USDA loan is a great option for first time buyers looking for a no down payment option. Depending on where you want to purchase your home, state or local down payment assistance programs may be available to you. Many of these programs are in the form of an interest-free, “silent” second mortgage that doesn’t need to be repaid until the house is sold, refinanced, or paid in full.


Save for a Down Payment

How much do you have saved for a down payment on a home? For many would-be homebuyers, saving up enough funds to cover a down payment and closing costs often feels like a monumental task. Luckily, you may be able to purchase a home with far less money down than you thought. 


Know Your Credit Score

Credit bureaus examine your personal financial data using an algorithm, or a financial model, to determine your creditworthiness. This analysis, in theory, can predict your ability, or inability, to pay your future debts. Understandably so, the information is invaluable when applying for loans. Credit scores are calculated by the following:

  • looking at your credit report
  • how much money you owe
  • amount of available credit
  • the length of your credit
  • repayment history

Understanding how your score is broken down will help you improve your score over time. The biggest factor is payment history. This accounts for 35 percent of your score. The next biggest component is the amount you owe on your credit (30 percent). The credit history length (15 percent), new credit (10 percent) and types of credit used (10 percent) are the other three variables that enter the equation.
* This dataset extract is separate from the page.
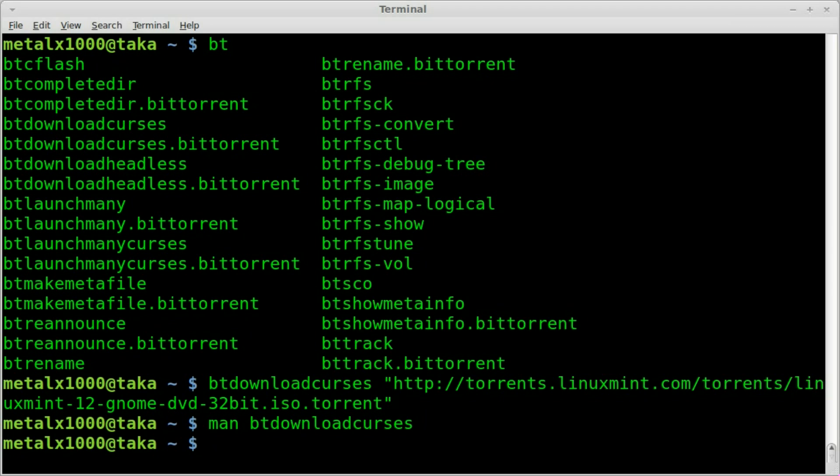I haven't really done that because I use my Pogo plug a lot and I don't want it to be bogged down downloading torrents. Plus I've already downloaded all the Linux ISOs that I need. But that's how you do it. So just install BitTorrent using your package manager, and then btdownloadcurses and the link to the BitTorrent file.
Prepare for a Pre-Approval

In order to obtain a pre-approval, you may be asked to provide an initial set of documentation to verify your income and assets. Here are items you will want to start pulling together:

  • Financial and income documents (pay stubs, W-2s, etc.)
  • Property documents (insurance premium statements)
  • Personal documents (bankruptcy or divorce papers, if applicable).
  • Proof of identity (driver's license, etc.)


It may take some diligence and patience, but millennials could find ways to make homeownership a reality in their 20s.